En attendant Griffon et Jaguar, CaMo se construit sur les terrains d’entraînement et dans les écoles
Faut-il le rappeler, le partenariat franco-belge CaMo ne se limite pas à l’achat très médiatisé de matériels Scorpion. En coulisses, l’équipe binationale redouble d’efforts pour bâtir les autres piliers majeurs du programme, à commencer par le rapprochement des processus de formation et d’entraînement. Point d’étape sur ces deux volets en compagnie du colonel belge Éric Harvent, “inséré” depuis trois ans au sein du Commandement des forces terrestres en tant qu’adjoint au chef de la division Capacités-Scorpion.
CaMo a soufflé en novembre dernier sa troisième bougie. Quelles sont les dernières avancées réalisées dans l’établissement de processus de formation et d’entraînement communs ?
COL Harvent : La mise en place d’une première vague de trois officiers en fin d’année 2018 a tout d’abord permis d’obtenir une image claire du stade d’avancement de l’armée de Terre française dans son processus de transformation.

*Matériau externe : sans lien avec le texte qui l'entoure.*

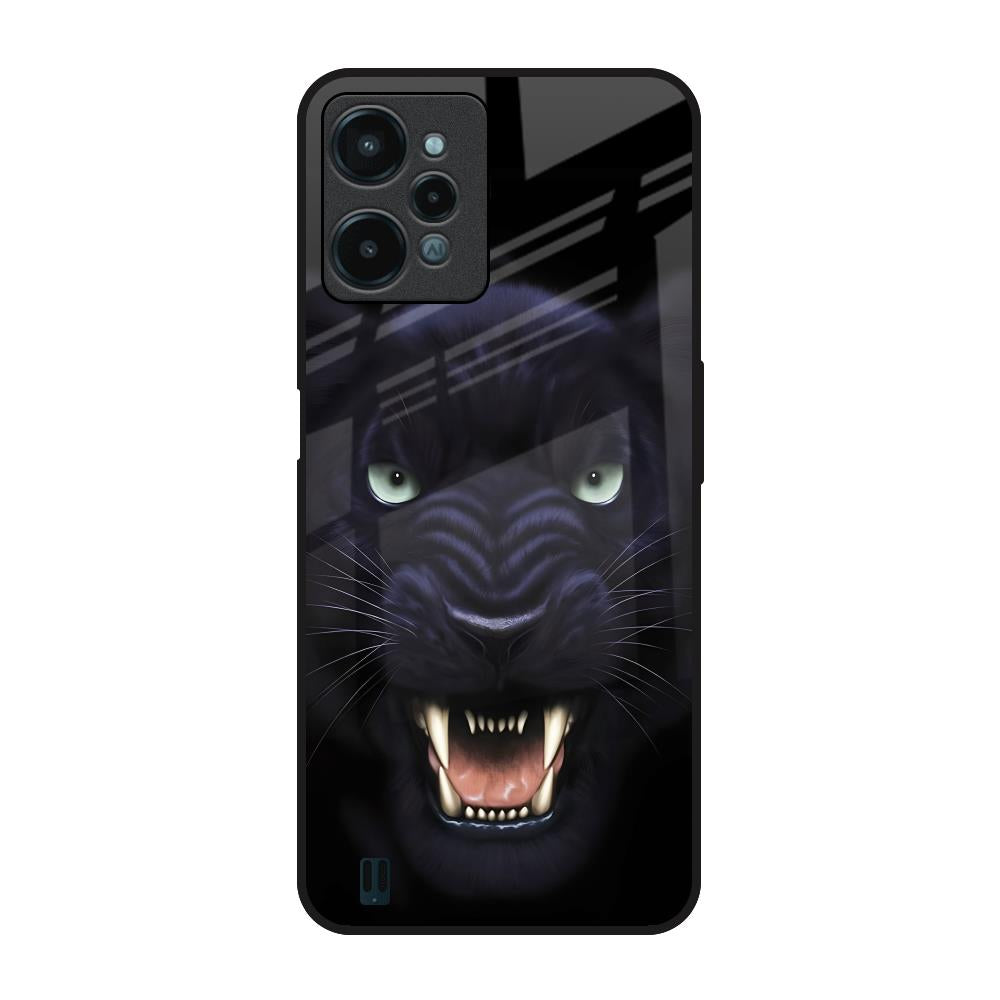 Angry Black Leopard Realme C31 Glass Back Cover Online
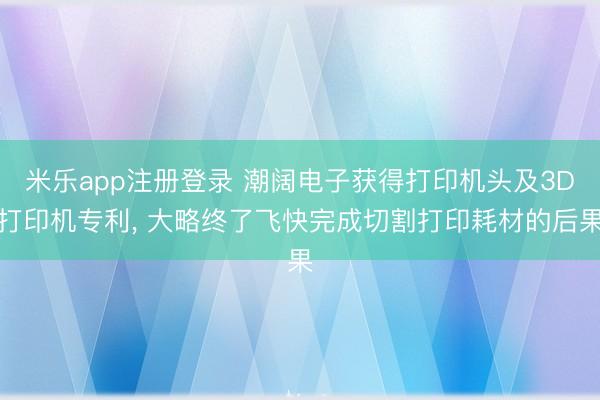 米乐app注册登录 潮阔电子获得打印机头及3D打印机专利, 大略终了飞快完成切割打印耗材的后果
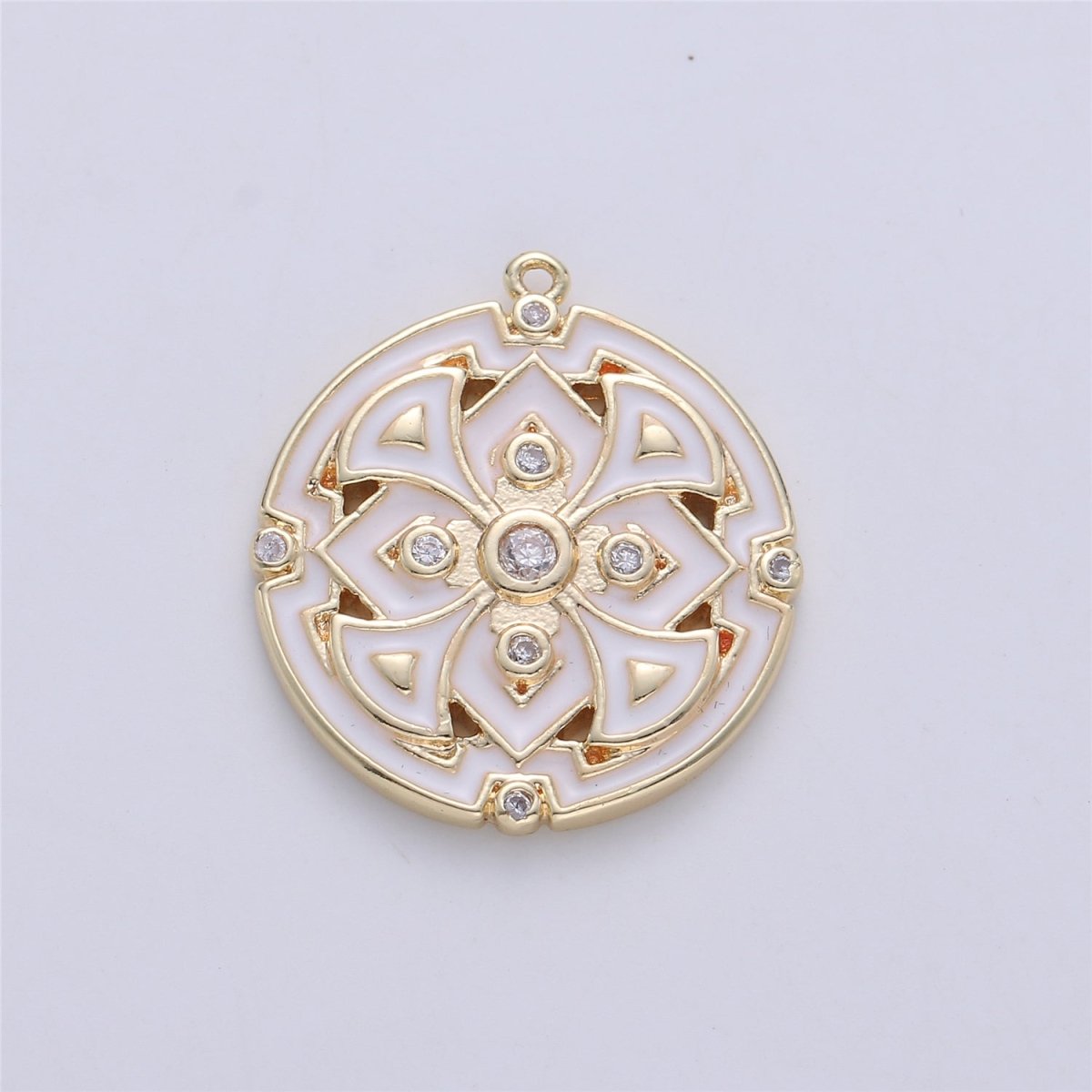 Gold Filled Micro Pave Black White Enamel Round Disc Charms Medallion Pendant, Enamel Pendant, Round Enamel C-620
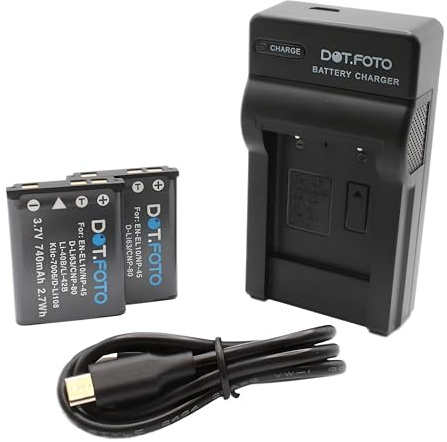 Dot.Foto LI-40B, LI-42B Premium 740mAh Batería (x2) & LI-40C Tipo Cargador de Batería USB para Olympus C-25, C-520, C-540, C-550, C-560, C-570 / D-630 Zoom, D-720, FE-20, FE-150, FE-160, FE-5035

Un processus comprenant à la fois la transformation de matériels existants, l’acquisition de futurs matériels, l’intégration ancienne génération-nouvelle génération et, c’était un point important pour la partie belge, une réflexion sur l’implémentation globale de cette nouvelle capacité médiane.
Dans deux domaines bien précis, qui sont la formation et l’entraînement, donc la préparation opérationnelle, nous sommes partis de deux pages blanches. L’objectif était alors de définir ce que nous voulions réaliser ensemble à l’horizon 2030 en partant de la situation constatée en 2018 et avec une étape intermédiaire en 2024-2025. Nous avons analysé et comparé l’ensemble de nos processus de formation et d’entraînement. Nous avons recherché toutes les actions communes possibles, avec soit des formations données exclusivement en Belgique ou en France au profit des deux parties ; soit des formations réparties de chaque côté de la frontière avec des échanges systématiques de stagiaires et/ou d’instructeurs.
En juin 2021, le concept de formation binational qui régit ou régira l’ensemble des formations est rédigé et est actuellement en processus de validation en vue d’une signature en juin 2022 et une entrée en application le 1er janvier 2023. Au vu du jalon originellement fixé à 2024-2025, il faut reconnaître que le groupe de travail binational a correctement travaillé.
Un processus identique a été réalisé dans les domaines de l’entraînement, de la préparation opérationnelle et de la certification pour l’envoi de détachements en opération extérieure. Le cheminement est exactement identique. Nous avons effectué une analyse comparative et développé des standards en partant du plus grand dénominateur commun. C’est à dire que nous avons systématiquement pris le standard le plus élevé des deux côtés, ce qui va permettre de tirer tout le monde vers le haut. Le tout en respectant les mêmes échéances que pour le volet formation, donc l’établissement d’un concept en juin 2021 pour une application à partir de janvier 2023.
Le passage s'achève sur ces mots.